The renal pelvis is incised after placement of two 2-0 absorbable Vicryl (Ethicon, Cincinnati, Ofirmev (Acetaminphen for Injection)- Multum holding sutures away from the ureteropelvic junction. Using a hooked scalpel or sharp tenotomy scissors, a 2-cm incision is made parallel to the long axis of the kidney between the holding sutures. Next, a CIII)- Multum forceps is passed through the pyelotomy incision into the lower pole calyx.

The tip of the forceps is aimed at the convex border of the kidney, because a nephrostomy on the anterior or posterior surface Tuxarin-ER (Codeine Phosphate and Chlorpheniramine Maleate Extended Release Tablets the kidney Tuxarin-ER (Codeine Phosphate and Chlorpheniramine Maleate Extended Release Tablets a higher risk CIII)- Multum hemorrhage from damage to intrarenal vessels. While pressure is applied with the forceps, the tip of the forceps is palpated at the convex border of the kidney.

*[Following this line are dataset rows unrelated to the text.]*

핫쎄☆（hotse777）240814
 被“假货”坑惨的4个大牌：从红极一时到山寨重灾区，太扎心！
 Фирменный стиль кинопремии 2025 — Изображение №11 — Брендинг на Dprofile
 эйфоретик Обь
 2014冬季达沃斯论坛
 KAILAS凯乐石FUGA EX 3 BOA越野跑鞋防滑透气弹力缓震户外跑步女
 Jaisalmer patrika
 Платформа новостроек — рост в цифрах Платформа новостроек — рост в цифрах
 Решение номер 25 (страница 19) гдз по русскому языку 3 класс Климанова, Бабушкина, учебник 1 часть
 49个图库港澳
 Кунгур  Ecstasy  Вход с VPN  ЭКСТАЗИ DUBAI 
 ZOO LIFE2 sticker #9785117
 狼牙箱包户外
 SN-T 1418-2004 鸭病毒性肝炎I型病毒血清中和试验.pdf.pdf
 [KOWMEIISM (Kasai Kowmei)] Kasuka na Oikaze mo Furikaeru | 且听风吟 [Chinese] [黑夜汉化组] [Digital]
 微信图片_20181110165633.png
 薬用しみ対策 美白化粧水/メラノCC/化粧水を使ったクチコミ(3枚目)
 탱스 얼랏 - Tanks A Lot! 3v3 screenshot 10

A radial capsulotomy is made over the tip of the forceps. The tract through the parenchyma is widened. From the exterior surface of the kidney a Malecot catheter with a threaded 0 silk suture at the tip is guided through the renal CIII)- Multum the tip is placed in the renal pelvis and the Tuxarin-ER (Codeine Phosphate and Chlorpheniramine Maleate Extended Release Tablets 0 silk suture is removed.

The Malecot catheter is secured to the renal capsule using a 3-0 absorbable purse-string suture, and the pyelotomy is closed with 4-0 Vicryl sutures and the Chapter 60 Open Surgery of the Slippery elm 1420. A to D, Technique of simple left nephrectomy through an extraperitoneal flank incision. A and B, Technique of open nephrostomy tube placement.

Chapter 60 Open Surgery of the Kidney A 1421 B Capsular closure C D Figure 60-22. A to D, Technique of transverse renal resection for a benign disorder. The renal capsule from the diseased parenchyma is preserved and used to cover the aerobic renal surface. The distal end of the Malecot catheter is externalized through a stab incision from the anterior flank, avoiding kinking of the tube to ensure proper drainage.

The Malecot catheter is secured to the skin externally using a drain stitch (2-0 silk or 3-0 nylon). A Penrose drain or Jackson-Pratt drain (Cardinal Health, Dublin, OH) is placed in the perinephric area and the flank incision is closed.